FDA Finds ‘Deficiencies’ in Request for Nuplazid to Treat Dementia-Related Psychosis
The U.S. Food and Drug Administration (FDA) found “deficiencies” that preclude discussing further steps in the approval process for Nuplazid (pimavanserin) as a possible treatment of dementia-related psychosis, according to a press release from Acadia Pharmaceuticals, Nuplazid’s maker.
Discussions on “labeling and post-marketing requirements/commitments” cannot take place before certain issues related to the therapy’s supplemental new drug application (sNDA) are resolved, the FDA notification stated.
The FDA’s notice to Acadia is not a final decision on the application, which is under review, but likely reflects a need for more information. The specific deficiencies noted by the agency were not detailed.
“[T]here has been no clarification by the FDA at this time. The Company plans to work with the FDA to learn the nature of the deficiencies and seek to resolve them,” Acadia said in its release.
With its sNDA, Acadia is asking that Nuplazid be approved to treat the delusions and hallucinations associated with dementia-related psychosis. The FDA approved the therapy for treating psychosis-associated hallucinations and delusions in people with Parkinson’s disease in 2016.

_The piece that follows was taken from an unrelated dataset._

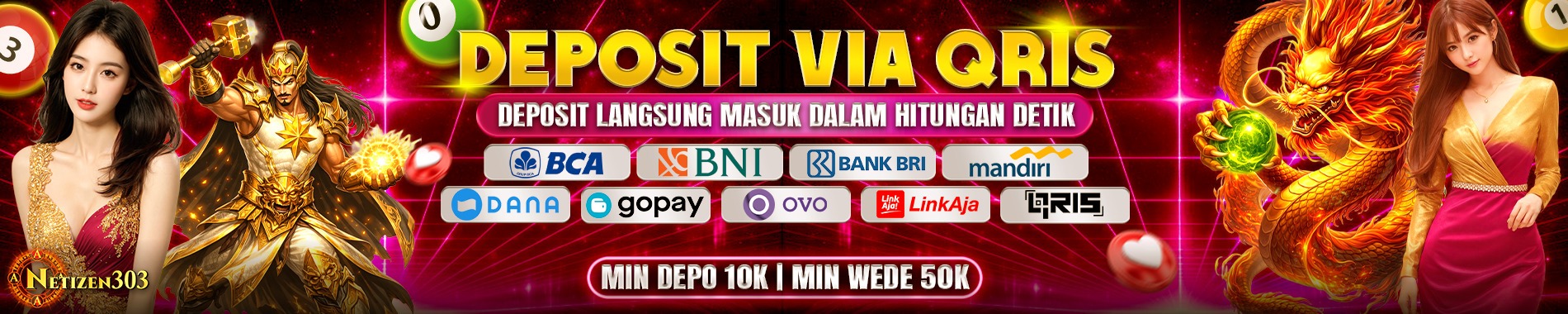 Deposit Via Qris Netizen303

The agency agreed to consider Acadia’s request to expand the treatment’s use to cover dementia-related psychosis in July 2020, with a decision expected by April 3.
“If approved, Nuplazid would be the first therapy indicated for the treatment of hallucinations and delusions associated with dementia-related psychosis,” Steve Davis, CEO of Acadia, said at the time.
Classified as a selective serotonin inverse agonist, Nuplazid specifically blocks the activity of serotonin 5-HT2A receptors. Past research has linked these receptors to psychosis, depression, and other neuropsychiatric disorders.
Nuplazid was found to significantly lower the risk of a psychosis relapse — a worsening of hallucinations and delusions — in a wide range of people with dementia-related psychosis who participated in the Phase 3 HARMONY trial (NCT03325556). People taking Nuplazid in this trial were 2.8 times less likely to experience a psychosis relapse than those given a placebo.
HARMONY enrolled 392 patients with a mean age of 74.5. Of these, 76% were Alzheimer’s patients with related dementia, while about 15% had Parkinson’s-related dementia, Acadia reported in 2019.
The therapy was found to be well tolerated, and its use did not associate with the cognitive decline that accompanies the use of other antipsychotic medications throughout the trial’s nine months.
The most common side effects included headaches (9.5% with Nuplazid vs 4.5% with placebo) and urinary tract infections (6.7% vs 3.6%).
Two other clinical trials supported Nuplazid’s effectiveness. These were a Phase 2 trial (NCT02035553) in individuals with Alzheimer’s disease psychosis that reported short-term benefits, and a Phase 3 study (NCT01174004) in people with Parkinson’s disease psychosis. The latter study supported the application leading to Nuplazid’s current FDA approval.